What is required: Pull every line that includes the word "Green" out of the data below and copy it.

▼▼▼

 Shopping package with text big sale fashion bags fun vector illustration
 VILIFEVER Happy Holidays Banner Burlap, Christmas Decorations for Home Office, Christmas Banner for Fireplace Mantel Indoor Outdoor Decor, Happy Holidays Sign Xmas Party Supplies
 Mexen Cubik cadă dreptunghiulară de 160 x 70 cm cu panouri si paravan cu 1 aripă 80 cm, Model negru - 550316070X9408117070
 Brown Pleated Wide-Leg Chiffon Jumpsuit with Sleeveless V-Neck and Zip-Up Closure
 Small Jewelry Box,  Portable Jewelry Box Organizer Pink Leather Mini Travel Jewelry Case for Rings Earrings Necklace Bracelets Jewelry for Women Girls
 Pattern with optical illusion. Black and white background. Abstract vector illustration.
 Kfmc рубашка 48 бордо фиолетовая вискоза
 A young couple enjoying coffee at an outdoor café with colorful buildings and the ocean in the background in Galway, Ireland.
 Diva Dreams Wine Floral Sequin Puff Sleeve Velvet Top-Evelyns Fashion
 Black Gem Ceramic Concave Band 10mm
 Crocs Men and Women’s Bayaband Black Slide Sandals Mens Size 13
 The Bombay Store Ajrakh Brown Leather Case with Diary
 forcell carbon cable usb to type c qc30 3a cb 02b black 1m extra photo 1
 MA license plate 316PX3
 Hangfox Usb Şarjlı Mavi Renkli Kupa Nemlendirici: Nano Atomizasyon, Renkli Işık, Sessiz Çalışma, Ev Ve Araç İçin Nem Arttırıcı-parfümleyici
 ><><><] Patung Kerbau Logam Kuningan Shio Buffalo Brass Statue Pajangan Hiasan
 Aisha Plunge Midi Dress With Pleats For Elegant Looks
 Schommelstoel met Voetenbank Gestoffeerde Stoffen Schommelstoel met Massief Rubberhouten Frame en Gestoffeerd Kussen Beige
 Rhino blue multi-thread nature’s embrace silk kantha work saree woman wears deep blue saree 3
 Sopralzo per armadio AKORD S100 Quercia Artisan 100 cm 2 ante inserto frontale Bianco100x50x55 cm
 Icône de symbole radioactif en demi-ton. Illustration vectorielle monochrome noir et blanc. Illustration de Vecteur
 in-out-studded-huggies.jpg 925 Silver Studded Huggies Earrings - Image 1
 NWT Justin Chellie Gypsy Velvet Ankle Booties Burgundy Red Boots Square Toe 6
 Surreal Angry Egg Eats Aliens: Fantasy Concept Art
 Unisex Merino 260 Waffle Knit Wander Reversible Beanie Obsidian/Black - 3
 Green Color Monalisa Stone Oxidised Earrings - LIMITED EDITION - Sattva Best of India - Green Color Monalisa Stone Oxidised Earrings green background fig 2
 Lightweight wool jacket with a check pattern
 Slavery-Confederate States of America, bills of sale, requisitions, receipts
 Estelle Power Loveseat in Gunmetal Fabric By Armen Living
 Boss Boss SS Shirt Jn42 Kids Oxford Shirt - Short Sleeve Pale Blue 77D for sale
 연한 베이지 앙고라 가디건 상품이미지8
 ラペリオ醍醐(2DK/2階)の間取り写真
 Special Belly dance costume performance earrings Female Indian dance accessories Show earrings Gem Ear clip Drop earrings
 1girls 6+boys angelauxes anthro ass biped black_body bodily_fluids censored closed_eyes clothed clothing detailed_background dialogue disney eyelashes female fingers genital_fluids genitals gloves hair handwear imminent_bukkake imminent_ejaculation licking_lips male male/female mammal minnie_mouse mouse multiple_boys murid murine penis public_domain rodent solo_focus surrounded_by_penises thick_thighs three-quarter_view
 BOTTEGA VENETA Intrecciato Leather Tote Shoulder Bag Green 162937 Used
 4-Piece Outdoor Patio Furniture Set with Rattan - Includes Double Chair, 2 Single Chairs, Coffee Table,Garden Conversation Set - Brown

▲▲▲

Solution below:
 Green Color Monalisa Stone Oxidised Earrings - LIMITED EDITION - Sattva Best of India - Green Color Monalisa Stone Oxidised Earrings green background fig 2
 BOTTEGA VENETA Intrecciato Leather Tote Shoulder Bag Green 162937 Used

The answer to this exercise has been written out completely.